629 F.2d 764 (2nd Cir. 1980)
NATURE OF THE CASE: This is an appeal by Donald E. Lewis (P), a shareholder of S.L.& E,
Inc. (D) from a judgment entered against him in the United States District Court after a
bench trial of his derivative claim against directors of D and of a claim asserted against
him by the other corporations. P charged that his brothers (Alan, Leon and Richard,
directors and officers of S.L.& E, Inc., hereinafter Ds) had wasted the assets of D Corp by
causing it to lease business premises to Lewis General Rites, Inc (LGT). from 1966 to 1972
at an unreasonably low rental.
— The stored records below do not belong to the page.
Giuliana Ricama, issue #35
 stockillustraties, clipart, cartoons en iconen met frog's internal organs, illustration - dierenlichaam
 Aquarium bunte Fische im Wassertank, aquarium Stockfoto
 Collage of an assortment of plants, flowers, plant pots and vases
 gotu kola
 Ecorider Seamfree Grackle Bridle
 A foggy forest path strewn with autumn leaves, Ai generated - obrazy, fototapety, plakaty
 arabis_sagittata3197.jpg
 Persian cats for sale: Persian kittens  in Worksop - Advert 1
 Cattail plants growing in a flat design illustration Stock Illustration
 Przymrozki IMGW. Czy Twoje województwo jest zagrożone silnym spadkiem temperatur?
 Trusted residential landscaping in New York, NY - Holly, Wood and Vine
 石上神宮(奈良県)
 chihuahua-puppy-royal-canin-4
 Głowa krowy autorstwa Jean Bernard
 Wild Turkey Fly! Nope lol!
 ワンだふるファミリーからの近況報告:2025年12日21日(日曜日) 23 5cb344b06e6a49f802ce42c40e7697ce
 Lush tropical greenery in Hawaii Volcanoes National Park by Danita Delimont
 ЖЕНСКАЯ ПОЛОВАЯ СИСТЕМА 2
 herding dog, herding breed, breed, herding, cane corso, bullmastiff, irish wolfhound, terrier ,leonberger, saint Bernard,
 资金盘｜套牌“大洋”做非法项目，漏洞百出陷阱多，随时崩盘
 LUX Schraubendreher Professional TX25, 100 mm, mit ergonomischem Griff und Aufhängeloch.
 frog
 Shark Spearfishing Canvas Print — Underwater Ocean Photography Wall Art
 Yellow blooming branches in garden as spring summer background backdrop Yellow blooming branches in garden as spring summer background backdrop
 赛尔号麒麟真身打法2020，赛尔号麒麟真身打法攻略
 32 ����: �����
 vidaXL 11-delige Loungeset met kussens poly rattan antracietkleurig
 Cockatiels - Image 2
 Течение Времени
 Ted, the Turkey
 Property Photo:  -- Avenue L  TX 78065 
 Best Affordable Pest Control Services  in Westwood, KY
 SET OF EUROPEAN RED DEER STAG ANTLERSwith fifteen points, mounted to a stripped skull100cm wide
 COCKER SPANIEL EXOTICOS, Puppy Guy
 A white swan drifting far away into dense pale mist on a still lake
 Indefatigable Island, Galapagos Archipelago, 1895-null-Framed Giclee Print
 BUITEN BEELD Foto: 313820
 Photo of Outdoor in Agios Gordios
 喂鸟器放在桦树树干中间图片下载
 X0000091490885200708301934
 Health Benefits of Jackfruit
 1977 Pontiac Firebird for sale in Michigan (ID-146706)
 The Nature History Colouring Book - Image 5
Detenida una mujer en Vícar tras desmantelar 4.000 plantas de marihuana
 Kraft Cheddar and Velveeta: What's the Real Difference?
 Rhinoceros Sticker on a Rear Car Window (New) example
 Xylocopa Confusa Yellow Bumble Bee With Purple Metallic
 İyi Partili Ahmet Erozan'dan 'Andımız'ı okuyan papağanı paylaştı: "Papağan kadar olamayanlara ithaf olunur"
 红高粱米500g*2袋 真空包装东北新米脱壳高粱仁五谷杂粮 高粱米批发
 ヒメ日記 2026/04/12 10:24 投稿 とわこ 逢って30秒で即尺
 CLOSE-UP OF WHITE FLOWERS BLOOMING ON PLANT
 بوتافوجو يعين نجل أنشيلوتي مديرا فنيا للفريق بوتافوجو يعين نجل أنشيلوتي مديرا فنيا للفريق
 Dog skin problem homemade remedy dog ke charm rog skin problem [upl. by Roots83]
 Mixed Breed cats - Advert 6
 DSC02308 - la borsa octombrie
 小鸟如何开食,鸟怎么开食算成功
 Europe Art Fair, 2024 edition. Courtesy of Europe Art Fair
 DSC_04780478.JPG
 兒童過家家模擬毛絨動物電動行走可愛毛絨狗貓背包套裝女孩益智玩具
LGT was permitted to intervene in the action, and filed a
complaint seeking specific performance of an agreement by P to sell his SLE's stock to LGT
in 1972.
FACTS: P's and Ds' father was the principal shareholder of SLE and LGT. SLE, formed in
1943, owned the land and complex of buildings at 260 East Avenue in Rochester. Prior to 1956
LGT occupied the premises without rent; the rent paid was initially $200 per month, and had
increased over the years to $800 per month. On February 28, 1956, SLE granted LGT a 10-year
lease on the newly expanded property for a rent of $1200 per month, or $14,400 per year.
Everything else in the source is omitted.